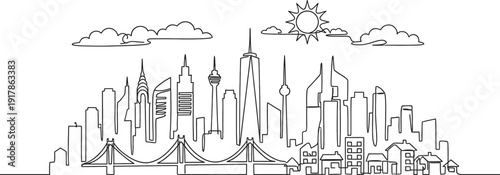 Building Cityscape One Line Drawing Art Silhouette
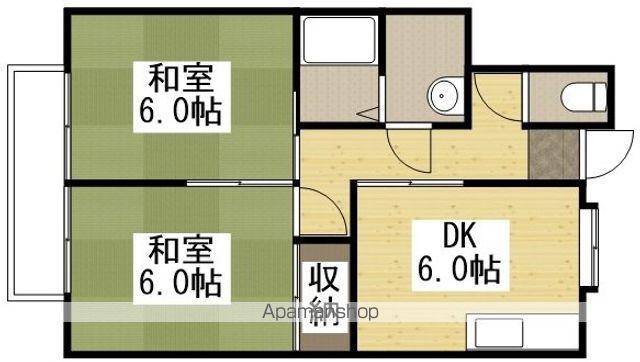 メゾンエスポアールB棟(2DK/2階)の間取り写真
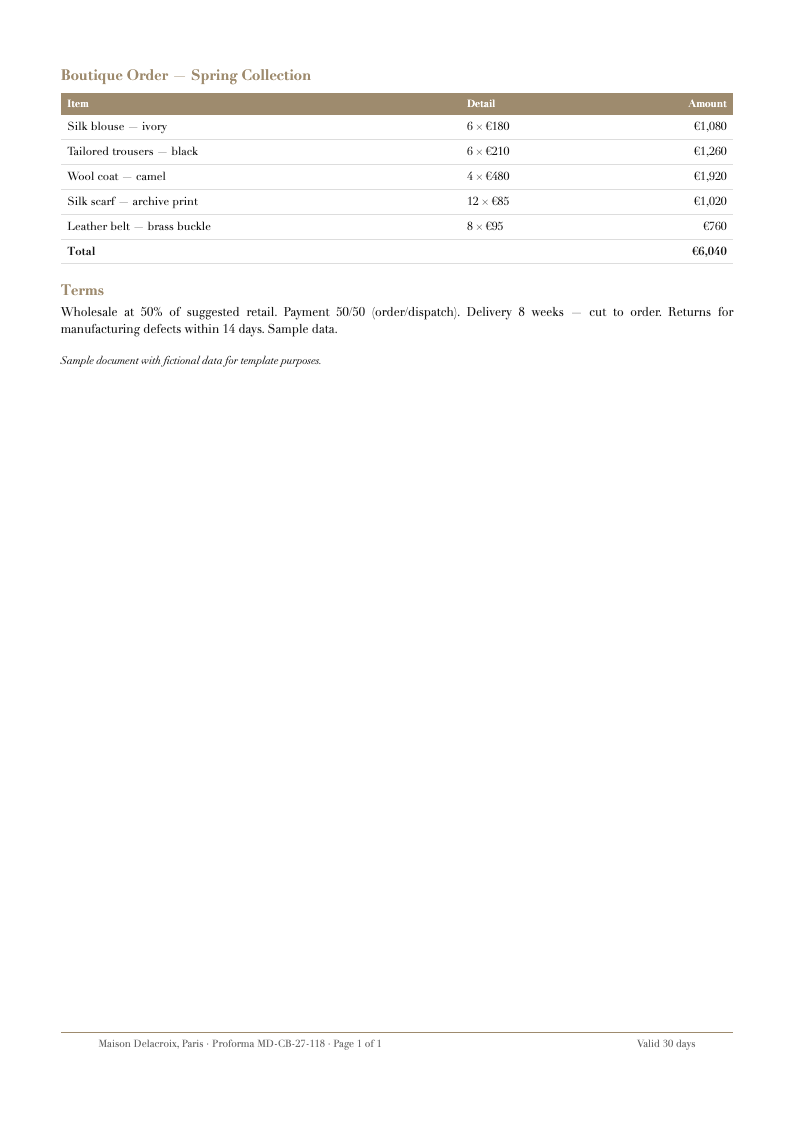 Fashion lookbook proforma invoice
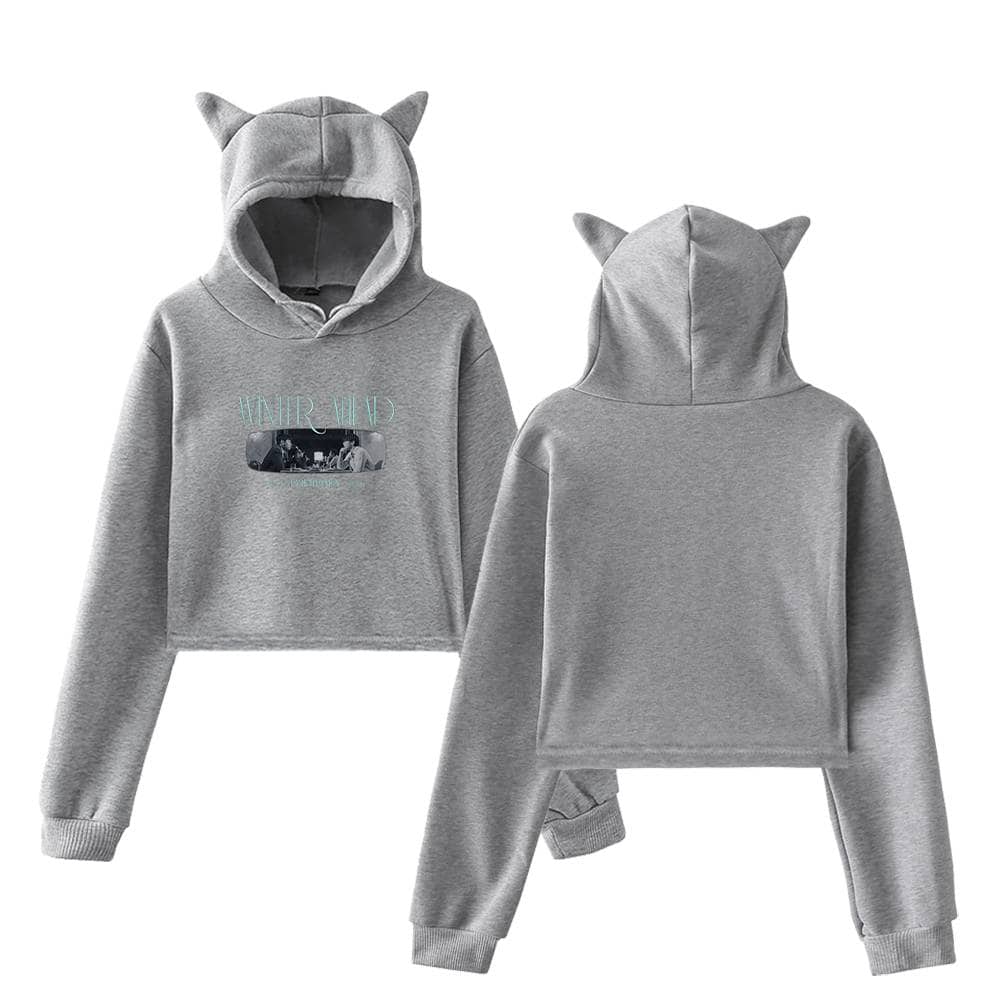 Grey hoodie with cat ears and a graphic print, casual streetwear style, perfect for fans of Justin Bieber swag merch.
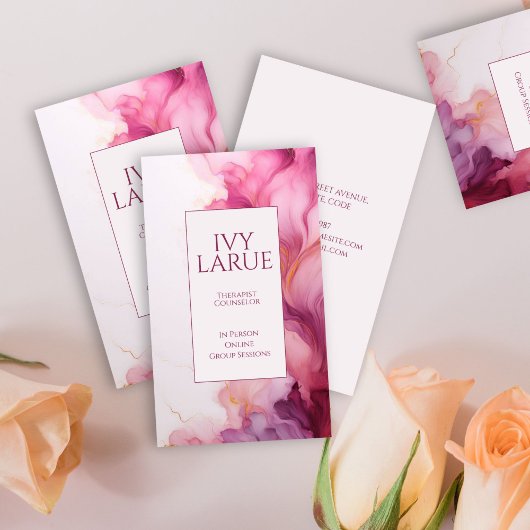Legant Pink Marble Therapist Visitekaartje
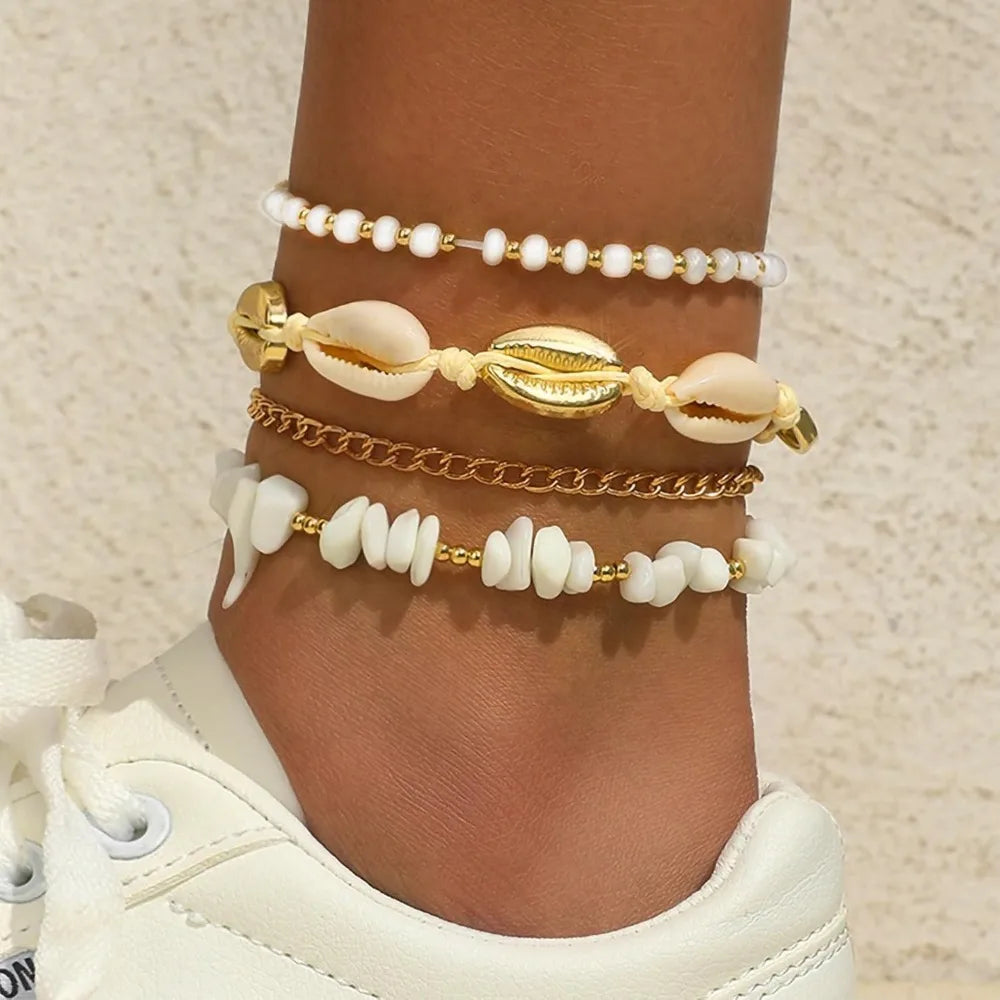 Shell Ankle Bracelet Set for Women, Gold Boho Bead Adjustable Anklet, Hawaiian Beach Seashell Pearl Heart Starfish Conch Foot
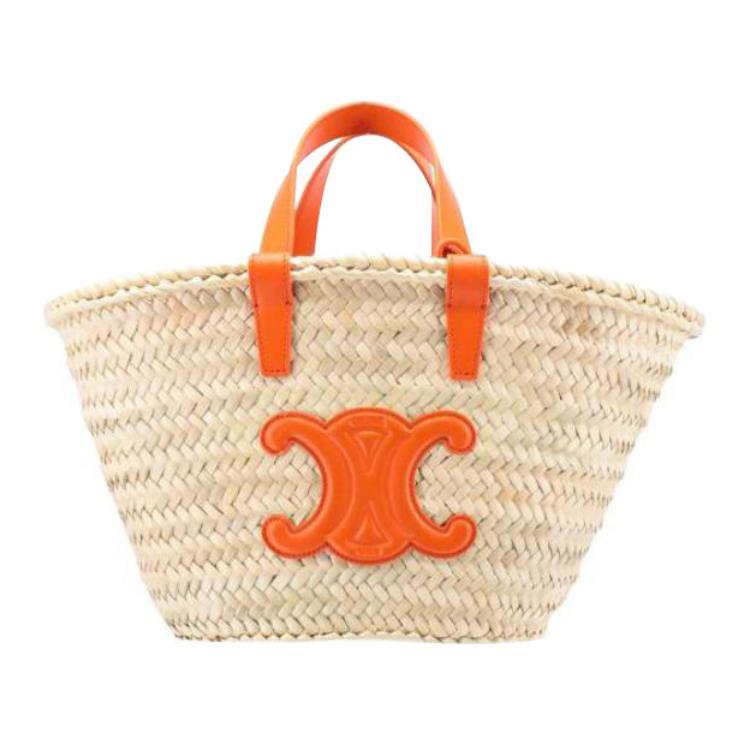 Celine Celine Triomphe Palm Leaf Cow Leather Patchwork Tote Bag Shopping Bag Basket Handbag Women's Orange
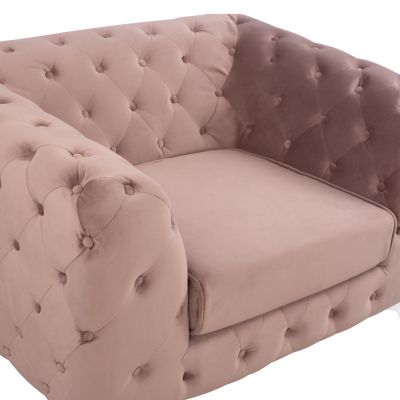 ARMCHAIR ALBERT DUSTY PINK VELVET HM3130.05 120Χ88Χ74cm.
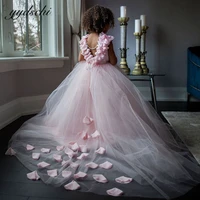 pink flower girl dresses for wedding shiny crystals beading sashes lace appliques party celebrity princess first communion gowns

## TASK REQUIREMENTS
Retype the listing exactly. Leave the pictures out.

## ANSWER BOX
 Building Cityscape One Line Drawing Art Silhouette
 メゾンエスポアールB棟(2DK/2階)の間取り写真
 Fashion lookbook proforma invoice
 Grey hoodie with cat ears and a graphic print, casual streetwear style, perfect for fans of Justin Bieber swag merch.
Legant Pink Marble Therapist Visitekaartje
 Shell Ankle Bracelet Set for Women, Gold Boho Bead Adjustable Anklet, Hawaiian Beach Seashell Pearl Heart Starfish Conch Foot
 Celine Celine Triomphe Palm Leaf Cow Leather Patchwork Tote Bag Shopping Bag Basket Handbag Women's Orange
 ARMCHAIR ALBERT DUSTY PINK VELVET HM3130.05 120Χ88Χ74cm.
 pink flower girl dresses for wedding shiny crystals beading sashes lace appliques party celebrity princess first communion gowns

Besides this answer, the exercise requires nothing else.